As a child, I went to church every Sunday- sang the hymns, memorized
scriptures, and prayed every night.  Or at least I tried.  But they
were empty, airy words and floated on a ceiling fan breeze.  Little
prayers sent for protection that never showed.  It just got black.
And there we stayed - god, myself, and every fear that faded numb
in the dark of forgotten memories and cold sheets pulled tight.

And the years passed in that state. He could not save me; so I put him
back as a lovely idea of peace and compassion dissolved over time.  There
he stayed, neatly perched between picture frames and empty vases.  Moving
with me from apartment to home to apartment.  Occassionally I'd talk
to him and attempt to find that quiet and forgiveness of self that
my more religious family and friends seemed to embrace.  But there was
nothing miraculous, no long awaited peace of mind, no knowledge shared,
no feeling of unconditional love - and I spent evenings questioning the
idea of god, throwing glass, and despising myself for not understanding
the mysterious ways of a savior.

I tried to bring him with me to the city.  Thinking perhaps, here, in
this space, the glory of the lord would finally make me lovely and loved.
And in my unguided journey through wildlife in near downtown Chicago, it
calmly occurred to me - it's not about god at all, it's about me.  And the
only way I can find a sense of completion is by trusting only myself.
I decide where these dirty feet want to travel, I decide what this even
dirtier mouth speaks, and I decide how to save myself without being at
the whim of god's blessings or dismissals.

I smiled for a little while and wandered on.  The only time I stopped
to look at a map was to find the seals.  Seals and otters always make me
exceedingly happy.  Perhaps if the bible had been as easy to navigate as the
zoo map, I would have found my inner sea mammal display earlier.

The Arrival

I made it to Chicago relatively unscathed.  The only casualties were a picture frame housing Carrie Fischer's autograph and a soup bowl.  Not a bad body count for a fifteen hour trip of all my belongings (except the bed - it was either the bed or the books) crunched in the back of my stepfather's pick-up.  So, I'm here perched on my inflatable bed looking out at fire escapes dimly lit and listening to the faint sounds of traffic further north.

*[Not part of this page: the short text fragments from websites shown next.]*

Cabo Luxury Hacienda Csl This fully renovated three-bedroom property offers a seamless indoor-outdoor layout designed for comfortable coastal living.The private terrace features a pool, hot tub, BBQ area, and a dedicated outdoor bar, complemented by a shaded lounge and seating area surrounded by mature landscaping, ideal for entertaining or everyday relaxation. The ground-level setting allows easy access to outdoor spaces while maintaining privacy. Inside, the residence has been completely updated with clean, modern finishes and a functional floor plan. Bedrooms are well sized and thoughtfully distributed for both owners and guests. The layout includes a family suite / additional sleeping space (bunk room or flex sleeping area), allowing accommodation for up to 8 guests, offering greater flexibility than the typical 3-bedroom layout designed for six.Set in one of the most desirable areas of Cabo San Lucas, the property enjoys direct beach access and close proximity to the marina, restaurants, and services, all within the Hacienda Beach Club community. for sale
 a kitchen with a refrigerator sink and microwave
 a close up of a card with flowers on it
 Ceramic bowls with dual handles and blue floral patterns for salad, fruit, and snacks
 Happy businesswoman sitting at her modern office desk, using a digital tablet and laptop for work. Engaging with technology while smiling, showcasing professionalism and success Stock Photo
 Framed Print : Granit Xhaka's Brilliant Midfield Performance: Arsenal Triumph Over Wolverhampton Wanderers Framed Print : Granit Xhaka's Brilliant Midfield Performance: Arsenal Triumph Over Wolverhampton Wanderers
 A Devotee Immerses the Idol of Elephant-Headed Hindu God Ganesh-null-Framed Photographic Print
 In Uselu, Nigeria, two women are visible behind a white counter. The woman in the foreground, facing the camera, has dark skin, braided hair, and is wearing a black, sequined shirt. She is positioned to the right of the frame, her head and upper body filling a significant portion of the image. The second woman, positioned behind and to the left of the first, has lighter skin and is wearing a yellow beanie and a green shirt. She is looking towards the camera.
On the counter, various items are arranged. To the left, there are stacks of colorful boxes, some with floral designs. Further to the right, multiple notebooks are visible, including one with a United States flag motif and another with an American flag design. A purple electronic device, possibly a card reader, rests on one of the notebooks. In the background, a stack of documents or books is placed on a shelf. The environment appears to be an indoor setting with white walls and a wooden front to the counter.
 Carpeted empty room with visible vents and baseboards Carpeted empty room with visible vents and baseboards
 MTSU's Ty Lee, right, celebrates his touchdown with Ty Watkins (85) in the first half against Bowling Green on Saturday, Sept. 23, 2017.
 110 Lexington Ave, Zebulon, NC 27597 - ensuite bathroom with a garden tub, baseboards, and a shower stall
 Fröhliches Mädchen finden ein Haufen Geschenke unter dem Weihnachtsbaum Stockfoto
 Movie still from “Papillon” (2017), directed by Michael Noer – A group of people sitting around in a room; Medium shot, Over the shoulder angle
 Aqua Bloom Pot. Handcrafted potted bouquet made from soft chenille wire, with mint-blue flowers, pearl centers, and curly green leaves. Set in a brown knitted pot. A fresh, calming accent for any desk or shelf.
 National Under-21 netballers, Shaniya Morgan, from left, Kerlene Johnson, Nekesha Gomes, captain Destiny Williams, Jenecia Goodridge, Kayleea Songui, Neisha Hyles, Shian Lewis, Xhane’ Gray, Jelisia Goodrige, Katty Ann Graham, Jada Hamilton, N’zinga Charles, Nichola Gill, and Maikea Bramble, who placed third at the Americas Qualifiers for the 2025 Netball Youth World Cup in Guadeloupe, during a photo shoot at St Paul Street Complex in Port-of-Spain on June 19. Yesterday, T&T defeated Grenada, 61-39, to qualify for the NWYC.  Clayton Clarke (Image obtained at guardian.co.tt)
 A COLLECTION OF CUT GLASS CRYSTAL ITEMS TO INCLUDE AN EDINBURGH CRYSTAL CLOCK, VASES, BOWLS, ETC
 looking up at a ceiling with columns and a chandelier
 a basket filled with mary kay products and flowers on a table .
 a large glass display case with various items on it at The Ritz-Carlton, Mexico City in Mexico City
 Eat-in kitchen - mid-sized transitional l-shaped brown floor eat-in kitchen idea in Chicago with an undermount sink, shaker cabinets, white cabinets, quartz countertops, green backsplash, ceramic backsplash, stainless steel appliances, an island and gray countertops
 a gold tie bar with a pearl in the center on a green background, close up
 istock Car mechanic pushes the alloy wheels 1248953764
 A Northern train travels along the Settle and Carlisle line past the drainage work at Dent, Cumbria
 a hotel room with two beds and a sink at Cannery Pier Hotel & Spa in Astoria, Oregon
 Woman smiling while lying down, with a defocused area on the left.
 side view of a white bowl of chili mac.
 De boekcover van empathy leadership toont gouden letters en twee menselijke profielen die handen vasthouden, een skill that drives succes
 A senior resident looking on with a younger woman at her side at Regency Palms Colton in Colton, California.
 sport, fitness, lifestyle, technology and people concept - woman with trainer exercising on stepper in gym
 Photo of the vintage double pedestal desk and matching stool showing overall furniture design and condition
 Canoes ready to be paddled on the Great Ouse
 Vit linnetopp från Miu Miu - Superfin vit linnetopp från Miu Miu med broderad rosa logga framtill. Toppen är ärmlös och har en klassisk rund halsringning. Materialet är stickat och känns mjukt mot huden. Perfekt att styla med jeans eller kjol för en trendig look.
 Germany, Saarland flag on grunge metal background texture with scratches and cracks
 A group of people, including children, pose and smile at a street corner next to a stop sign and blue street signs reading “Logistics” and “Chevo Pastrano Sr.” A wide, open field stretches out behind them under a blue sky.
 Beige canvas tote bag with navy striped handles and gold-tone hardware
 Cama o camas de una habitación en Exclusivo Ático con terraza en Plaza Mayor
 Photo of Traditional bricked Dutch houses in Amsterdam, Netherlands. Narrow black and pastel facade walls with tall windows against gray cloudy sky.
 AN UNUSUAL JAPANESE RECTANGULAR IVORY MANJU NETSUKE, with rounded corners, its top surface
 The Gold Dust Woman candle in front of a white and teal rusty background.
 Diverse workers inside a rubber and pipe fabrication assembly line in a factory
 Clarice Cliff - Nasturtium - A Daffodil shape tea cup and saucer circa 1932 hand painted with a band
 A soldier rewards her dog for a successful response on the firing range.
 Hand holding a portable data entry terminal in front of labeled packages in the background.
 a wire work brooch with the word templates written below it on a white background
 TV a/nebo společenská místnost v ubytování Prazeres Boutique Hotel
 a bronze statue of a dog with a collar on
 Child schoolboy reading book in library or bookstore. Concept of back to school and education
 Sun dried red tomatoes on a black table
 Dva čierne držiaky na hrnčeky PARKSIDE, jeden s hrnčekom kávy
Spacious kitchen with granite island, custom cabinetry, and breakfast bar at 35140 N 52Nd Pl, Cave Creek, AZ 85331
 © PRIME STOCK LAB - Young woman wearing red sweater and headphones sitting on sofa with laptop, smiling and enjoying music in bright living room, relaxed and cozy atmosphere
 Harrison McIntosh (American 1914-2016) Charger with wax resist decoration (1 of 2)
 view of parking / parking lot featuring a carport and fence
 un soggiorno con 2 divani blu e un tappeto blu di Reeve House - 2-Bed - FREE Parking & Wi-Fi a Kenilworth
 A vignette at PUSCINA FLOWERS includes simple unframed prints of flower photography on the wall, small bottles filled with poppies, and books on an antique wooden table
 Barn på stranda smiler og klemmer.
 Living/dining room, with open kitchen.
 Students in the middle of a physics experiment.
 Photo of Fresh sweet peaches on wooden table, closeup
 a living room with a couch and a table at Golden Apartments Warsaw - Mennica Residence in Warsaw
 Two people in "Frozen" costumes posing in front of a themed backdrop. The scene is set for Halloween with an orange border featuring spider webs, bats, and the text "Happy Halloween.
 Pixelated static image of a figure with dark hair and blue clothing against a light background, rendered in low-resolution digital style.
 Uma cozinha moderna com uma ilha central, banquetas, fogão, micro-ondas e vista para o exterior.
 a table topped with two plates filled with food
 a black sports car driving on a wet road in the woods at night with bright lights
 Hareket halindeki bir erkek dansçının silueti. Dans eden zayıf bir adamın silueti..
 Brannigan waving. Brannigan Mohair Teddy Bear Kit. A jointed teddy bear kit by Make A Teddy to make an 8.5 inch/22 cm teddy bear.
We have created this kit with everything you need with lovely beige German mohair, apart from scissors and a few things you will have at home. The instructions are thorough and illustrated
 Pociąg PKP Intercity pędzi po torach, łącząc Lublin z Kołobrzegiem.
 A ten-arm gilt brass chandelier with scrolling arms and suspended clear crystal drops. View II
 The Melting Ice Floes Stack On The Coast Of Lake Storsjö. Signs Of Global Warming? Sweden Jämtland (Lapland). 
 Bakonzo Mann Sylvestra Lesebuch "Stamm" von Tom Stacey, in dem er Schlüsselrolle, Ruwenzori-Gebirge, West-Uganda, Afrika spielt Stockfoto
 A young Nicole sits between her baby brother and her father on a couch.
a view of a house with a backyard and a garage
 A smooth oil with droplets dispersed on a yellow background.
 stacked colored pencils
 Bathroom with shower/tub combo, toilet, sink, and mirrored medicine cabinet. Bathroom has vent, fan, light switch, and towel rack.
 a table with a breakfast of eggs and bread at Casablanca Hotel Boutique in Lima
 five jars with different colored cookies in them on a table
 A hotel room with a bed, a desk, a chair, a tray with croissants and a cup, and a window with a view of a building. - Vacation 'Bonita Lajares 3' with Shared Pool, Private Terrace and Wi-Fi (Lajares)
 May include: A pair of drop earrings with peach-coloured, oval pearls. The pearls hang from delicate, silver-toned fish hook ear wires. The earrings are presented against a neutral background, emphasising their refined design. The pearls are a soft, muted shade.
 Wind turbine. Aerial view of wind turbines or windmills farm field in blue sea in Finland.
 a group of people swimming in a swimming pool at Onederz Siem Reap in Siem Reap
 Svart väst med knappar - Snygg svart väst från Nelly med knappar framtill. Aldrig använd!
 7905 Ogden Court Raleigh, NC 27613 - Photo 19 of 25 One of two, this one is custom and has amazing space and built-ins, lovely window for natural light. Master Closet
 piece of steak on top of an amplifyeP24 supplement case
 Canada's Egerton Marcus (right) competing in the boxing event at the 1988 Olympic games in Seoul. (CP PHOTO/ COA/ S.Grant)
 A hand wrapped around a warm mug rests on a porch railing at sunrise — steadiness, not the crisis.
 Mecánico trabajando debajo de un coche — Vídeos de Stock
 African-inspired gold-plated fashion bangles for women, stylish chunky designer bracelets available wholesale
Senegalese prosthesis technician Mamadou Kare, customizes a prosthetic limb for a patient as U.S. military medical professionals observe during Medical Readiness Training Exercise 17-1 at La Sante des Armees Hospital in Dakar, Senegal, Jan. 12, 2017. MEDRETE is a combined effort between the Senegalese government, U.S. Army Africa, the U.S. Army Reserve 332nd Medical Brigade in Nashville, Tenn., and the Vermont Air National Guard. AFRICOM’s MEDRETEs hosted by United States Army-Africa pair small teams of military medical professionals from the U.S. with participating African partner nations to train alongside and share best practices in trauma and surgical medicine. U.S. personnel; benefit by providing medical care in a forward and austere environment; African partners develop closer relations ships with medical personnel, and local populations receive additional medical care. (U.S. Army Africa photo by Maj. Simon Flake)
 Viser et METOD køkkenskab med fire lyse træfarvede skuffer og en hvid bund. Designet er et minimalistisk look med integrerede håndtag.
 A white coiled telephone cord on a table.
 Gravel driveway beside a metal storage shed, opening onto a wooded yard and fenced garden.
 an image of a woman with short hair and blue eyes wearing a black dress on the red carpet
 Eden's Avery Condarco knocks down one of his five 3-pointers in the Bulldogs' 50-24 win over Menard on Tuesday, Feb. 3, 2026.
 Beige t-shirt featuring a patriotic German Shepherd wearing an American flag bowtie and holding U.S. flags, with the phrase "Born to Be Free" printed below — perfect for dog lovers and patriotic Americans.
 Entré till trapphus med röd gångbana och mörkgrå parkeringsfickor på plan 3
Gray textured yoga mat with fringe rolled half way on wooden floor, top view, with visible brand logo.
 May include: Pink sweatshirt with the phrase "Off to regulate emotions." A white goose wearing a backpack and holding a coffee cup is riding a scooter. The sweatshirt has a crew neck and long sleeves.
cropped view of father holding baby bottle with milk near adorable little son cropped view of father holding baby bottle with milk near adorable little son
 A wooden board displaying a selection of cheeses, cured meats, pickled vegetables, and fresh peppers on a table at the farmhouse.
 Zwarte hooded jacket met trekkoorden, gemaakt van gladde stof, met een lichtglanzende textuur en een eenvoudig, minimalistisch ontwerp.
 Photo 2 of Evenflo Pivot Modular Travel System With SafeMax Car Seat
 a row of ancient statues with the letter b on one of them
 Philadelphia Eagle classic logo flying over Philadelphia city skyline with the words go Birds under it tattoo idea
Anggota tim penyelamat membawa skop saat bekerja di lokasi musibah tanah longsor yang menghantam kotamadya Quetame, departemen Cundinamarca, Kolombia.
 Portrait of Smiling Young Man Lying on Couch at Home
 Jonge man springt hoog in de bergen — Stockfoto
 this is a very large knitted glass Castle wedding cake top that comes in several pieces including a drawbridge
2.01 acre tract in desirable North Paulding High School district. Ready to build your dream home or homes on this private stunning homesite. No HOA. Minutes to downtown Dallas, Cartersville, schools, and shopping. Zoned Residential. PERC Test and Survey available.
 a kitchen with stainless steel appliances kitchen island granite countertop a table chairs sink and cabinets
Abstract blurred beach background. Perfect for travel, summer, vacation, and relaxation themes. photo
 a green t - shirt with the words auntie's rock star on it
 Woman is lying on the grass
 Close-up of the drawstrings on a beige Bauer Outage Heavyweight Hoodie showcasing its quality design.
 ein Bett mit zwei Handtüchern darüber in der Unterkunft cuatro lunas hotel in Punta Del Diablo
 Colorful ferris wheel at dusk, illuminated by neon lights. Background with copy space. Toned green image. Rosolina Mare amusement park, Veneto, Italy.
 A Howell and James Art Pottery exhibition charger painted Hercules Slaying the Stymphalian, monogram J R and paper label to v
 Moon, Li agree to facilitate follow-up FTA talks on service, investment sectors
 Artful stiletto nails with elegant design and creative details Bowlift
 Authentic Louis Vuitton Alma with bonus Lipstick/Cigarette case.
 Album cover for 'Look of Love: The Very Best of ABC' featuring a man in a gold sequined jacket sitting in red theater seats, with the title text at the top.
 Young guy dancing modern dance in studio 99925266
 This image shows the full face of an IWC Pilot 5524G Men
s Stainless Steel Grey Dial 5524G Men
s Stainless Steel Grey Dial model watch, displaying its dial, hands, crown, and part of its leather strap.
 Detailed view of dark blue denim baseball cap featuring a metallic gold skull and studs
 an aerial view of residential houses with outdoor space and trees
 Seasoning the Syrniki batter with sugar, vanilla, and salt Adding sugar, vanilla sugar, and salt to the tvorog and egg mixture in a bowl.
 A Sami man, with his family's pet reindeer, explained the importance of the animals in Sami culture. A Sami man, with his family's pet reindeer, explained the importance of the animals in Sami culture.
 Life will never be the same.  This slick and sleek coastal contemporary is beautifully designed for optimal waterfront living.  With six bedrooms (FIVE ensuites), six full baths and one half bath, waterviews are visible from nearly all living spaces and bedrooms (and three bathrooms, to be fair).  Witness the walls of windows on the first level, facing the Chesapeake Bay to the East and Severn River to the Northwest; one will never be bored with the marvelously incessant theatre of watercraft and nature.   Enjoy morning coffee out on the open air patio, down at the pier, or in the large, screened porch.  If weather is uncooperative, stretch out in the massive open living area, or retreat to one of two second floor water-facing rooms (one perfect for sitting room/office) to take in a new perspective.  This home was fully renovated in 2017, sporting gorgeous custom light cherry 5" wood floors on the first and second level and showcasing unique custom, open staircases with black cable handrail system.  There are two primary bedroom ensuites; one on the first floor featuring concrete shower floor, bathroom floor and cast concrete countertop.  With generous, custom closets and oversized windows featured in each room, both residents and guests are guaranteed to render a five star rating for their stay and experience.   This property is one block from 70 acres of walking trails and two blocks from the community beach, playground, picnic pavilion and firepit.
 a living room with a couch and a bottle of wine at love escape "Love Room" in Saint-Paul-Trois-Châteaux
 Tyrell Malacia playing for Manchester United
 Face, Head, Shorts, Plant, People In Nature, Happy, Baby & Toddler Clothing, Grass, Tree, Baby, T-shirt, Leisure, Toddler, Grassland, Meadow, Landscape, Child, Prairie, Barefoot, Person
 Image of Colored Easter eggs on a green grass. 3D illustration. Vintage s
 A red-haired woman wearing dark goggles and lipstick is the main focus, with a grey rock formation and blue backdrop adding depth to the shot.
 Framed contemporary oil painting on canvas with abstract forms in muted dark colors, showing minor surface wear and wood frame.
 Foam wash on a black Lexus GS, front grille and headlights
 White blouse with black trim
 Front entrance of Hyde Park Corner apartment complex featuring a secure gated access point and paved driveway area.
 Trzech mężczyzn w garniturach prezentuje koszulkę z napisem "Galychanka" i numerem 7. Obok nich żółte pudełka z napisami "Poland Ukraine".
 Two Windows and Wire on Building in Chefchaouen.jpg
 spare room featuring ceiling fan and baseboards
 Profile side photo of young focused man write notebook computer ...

My studio is twelve by fifteen, but I somehow seem to have nothing but space- like a shoebox that encompasses most of a lifetime.  I walk up five flights of stairs and can see the lights of downtown, smell Lake Michigan, and repeatedly fall in love with the endless visage of opportunity.  It seems that I have always been here in some metaphorical form or other.  Maybe it's that sparrow my grandfather always talked about; and she finally flitted back to the big city with a powerful beak burgeoning with some strange new song.

It's rather lonely here on my second floor.  Still.  And I can hear everything all the way back home.  It resonates on the breeze sifting through the windows.  A music I've never been able to hear before.  I suppose it's to be expected.  A repose and chorus of memory that circulates through this small space.  But it's still warm and I know I'll have trouble falling asleep.

People often write to remember, unearth what is hidden in lost caverns of the psyche, and then to forget.  At least I do.  But sitting here in Lincoln Park, I'm writing to discover.  I haven't the slightest what I'm trying to find, but I'm almost certain there is something waiting, sparkling and pulsing, for me to uncover in these words.